About this exercise -
Could you give again exactly, and only, the lines from the one holding "Apartamento, 3 quartos, Cascais, Cascais" through the end of the data, both ends included, with pictures left out?

Input records -

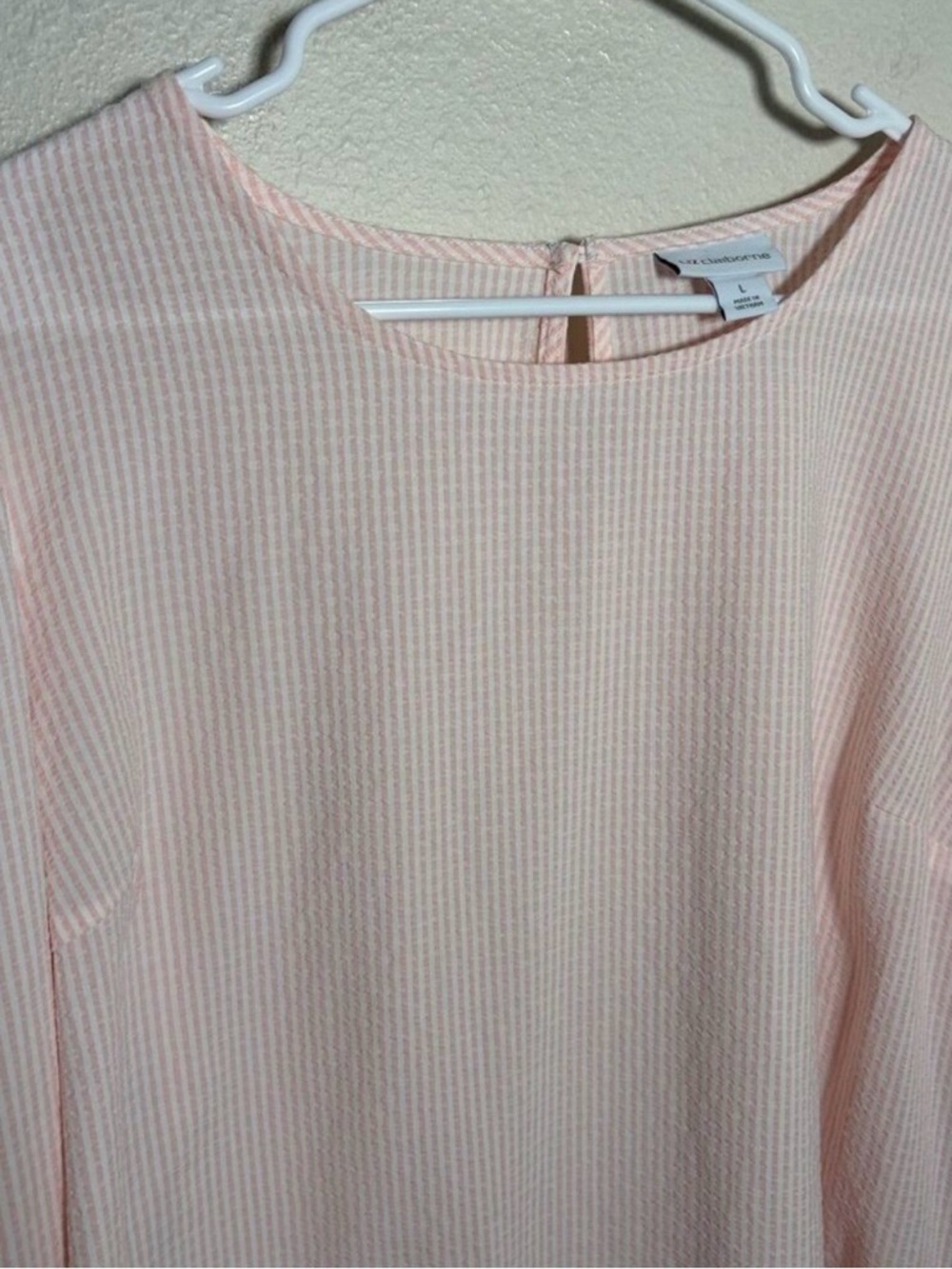 Liz Claiborne Blouse Women's Large Pink Striped Seersucker Long Sleeve Top Sheer - Picture 2 of 8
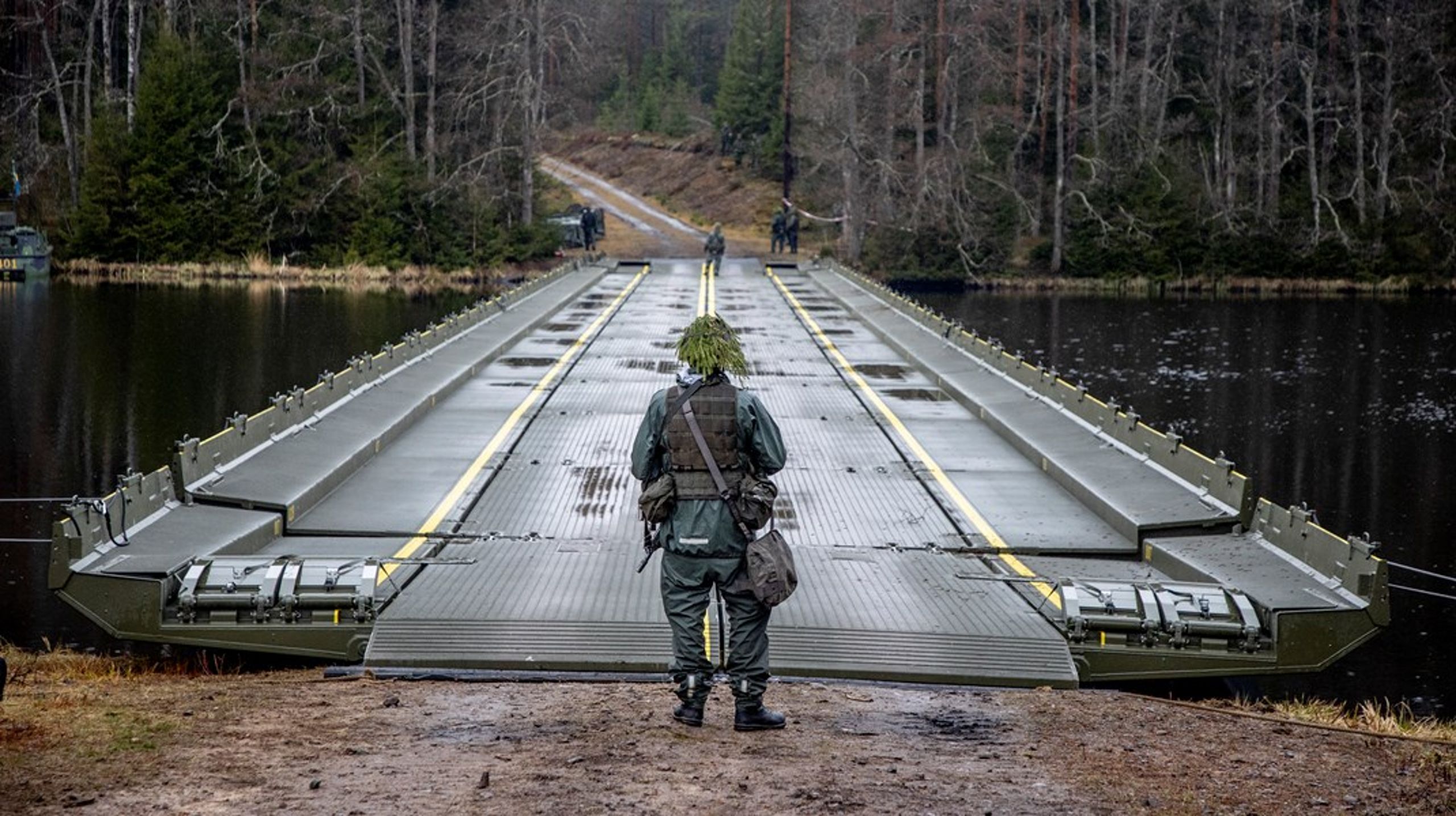 Militärer korsar Lagan vid en övning i Vaggeryd.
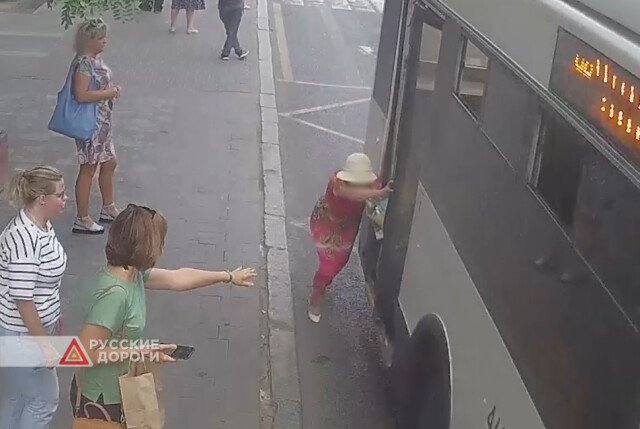 В Волгограде женщина едва не погибла под колесами троллейбуса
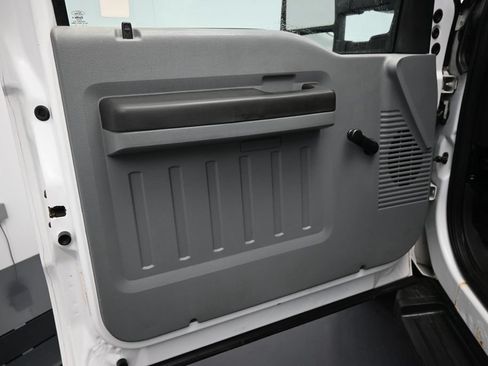 Used 2014 Ford F350 XL w/ XL Value Package AWD/4WD image 9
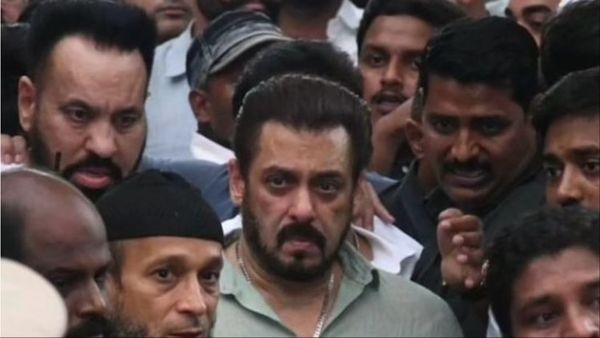 Salman Khan की सुरक्षा में जी-जान से जुटी पुलिस, एक्टर को बचाने के लिए दिन-रात काम करेंगे लोग!
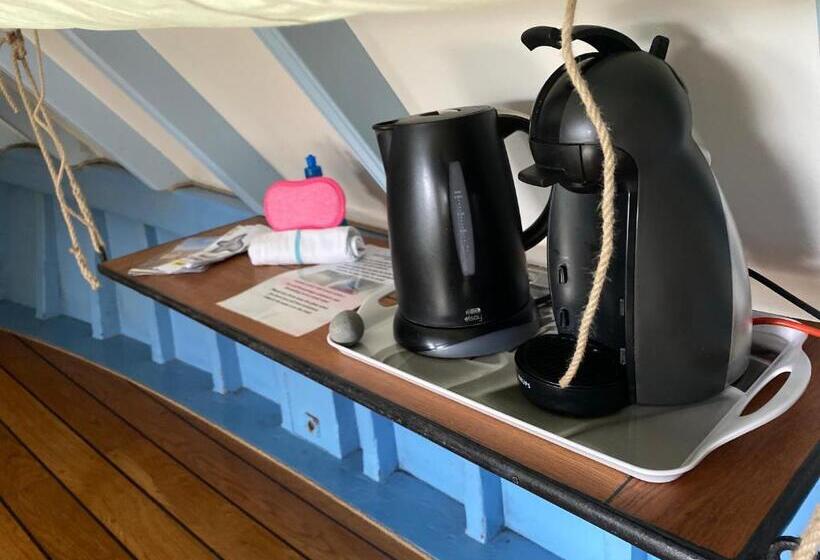 تختخواب و صبحانه La Caloge Kastell Dinn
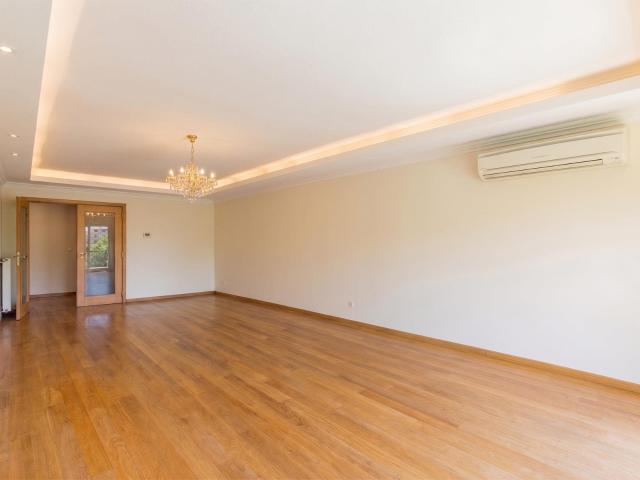 Apartamento, 3 quartos, Cascais, Cascais e Estoril 130m² Cascais e Estoril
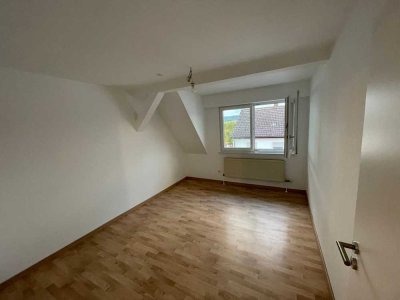 Sanierte 3-Zimmer-Maisonette-Wohnung in Neckarhausen mit EBK und Terrasse
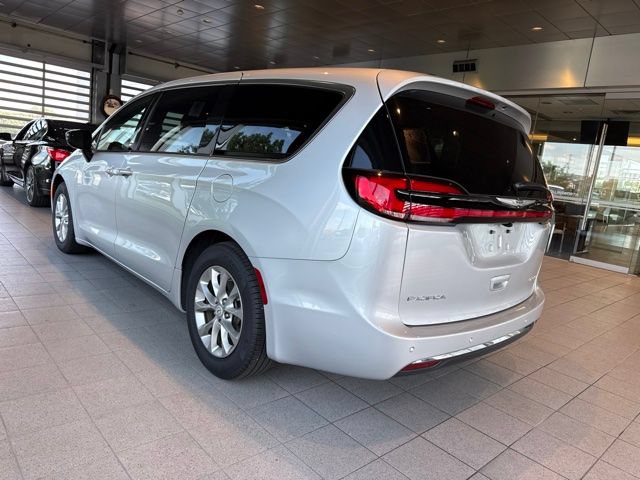 Used 2026 Chrysler Pacifica Limited FWD image 17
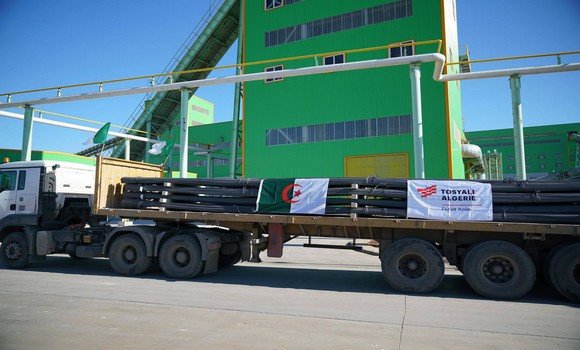 Photo of تصدير 3.200 طن من الإسمنت من الاغواط نحو دولة النيجر خلال 2019
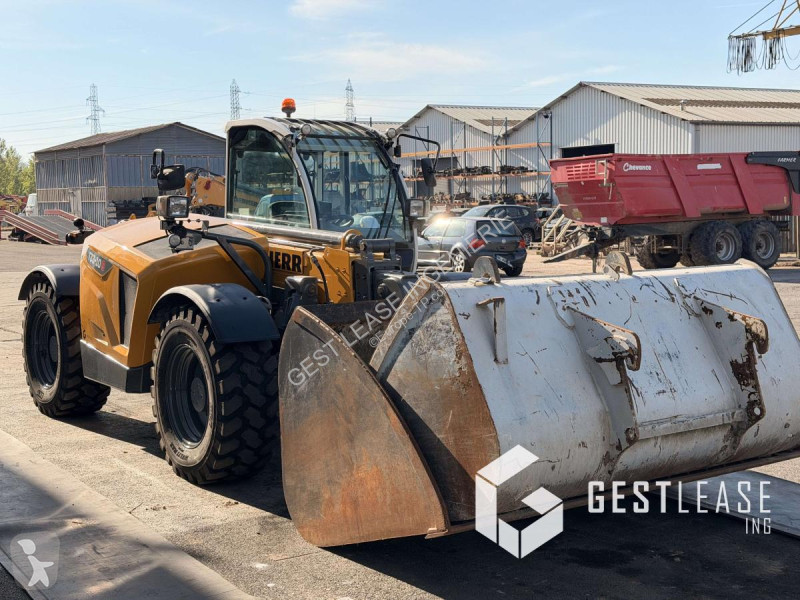 Carretilla telescópica Liebherr  T33-10S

Exercise answer -
 Apartamento, 3 quartos, Cascais, Cascais e Estoril 130m² Cascais e Estoril
 Sanierte 3-Zimmer-Maisonette-Wohnung in Neckarhausen mit EBK und Terrasse
 Used 2026 Chrysler Pacifica Limited FWD image 17
 Photo of تصدير 3.200 طن من الإسمنت من الاغواط نحو دولة النيجر خلال 2019
 Carretilla telescópica Liebherr  T33-10S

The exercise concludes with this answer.